From the first line to the last, output the data exactly as it stands, minus its pictures.

§ SUPPLIED DATA

⟨

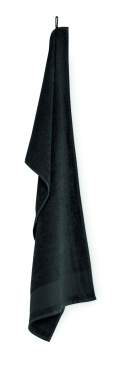 Logotrade promotional giveaway picture of: Cotton hand towel
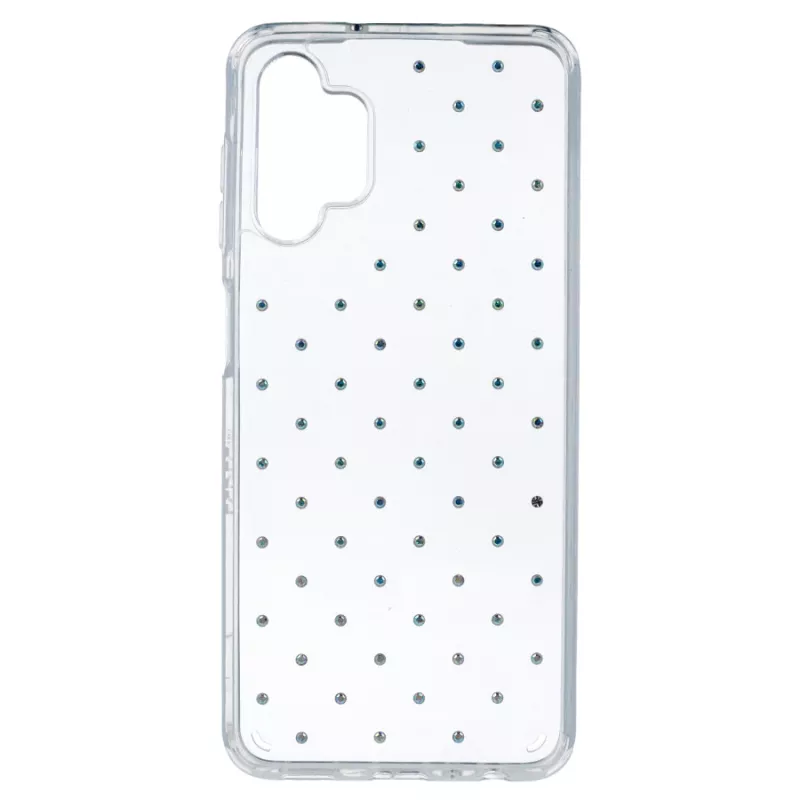 Funda Brillantes para Samsung Galaxy A13 4G Funda Brillantes para Samsung Galaxy A13 4G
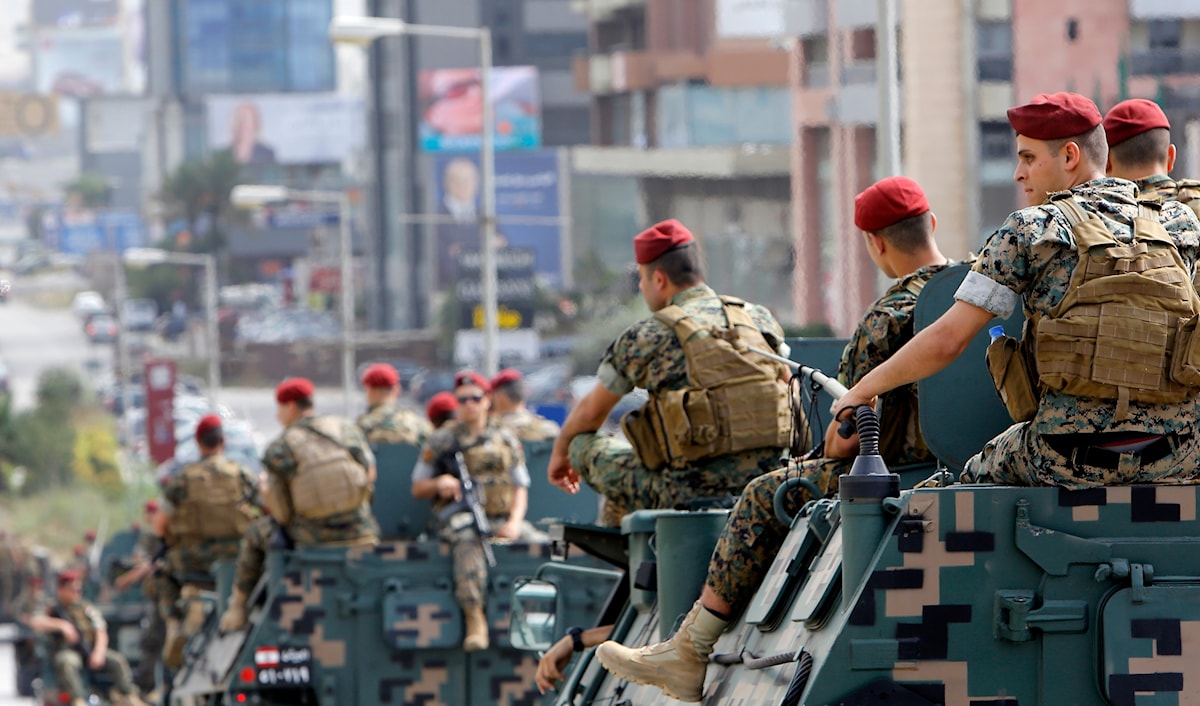 «بعد التحقيق أُحيل الموقوفون على القضاء المختص» (الأخبار)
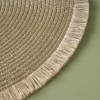 Cario Placemat 35 cm - Gold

⟩

§ EXERCISE ANSWER
 Logotrade promotional giveaway picture of: Cotton hand towel
 Funda Brillantes para Samsung Galaxy A13 4G Funda Brillantes para Samsung Galaxy A13 4G
 «بعد التحقيق أُحيل الموقوفون على القضاء المختص» (الأخبار)
 Cario Placemat 35 cm - Gold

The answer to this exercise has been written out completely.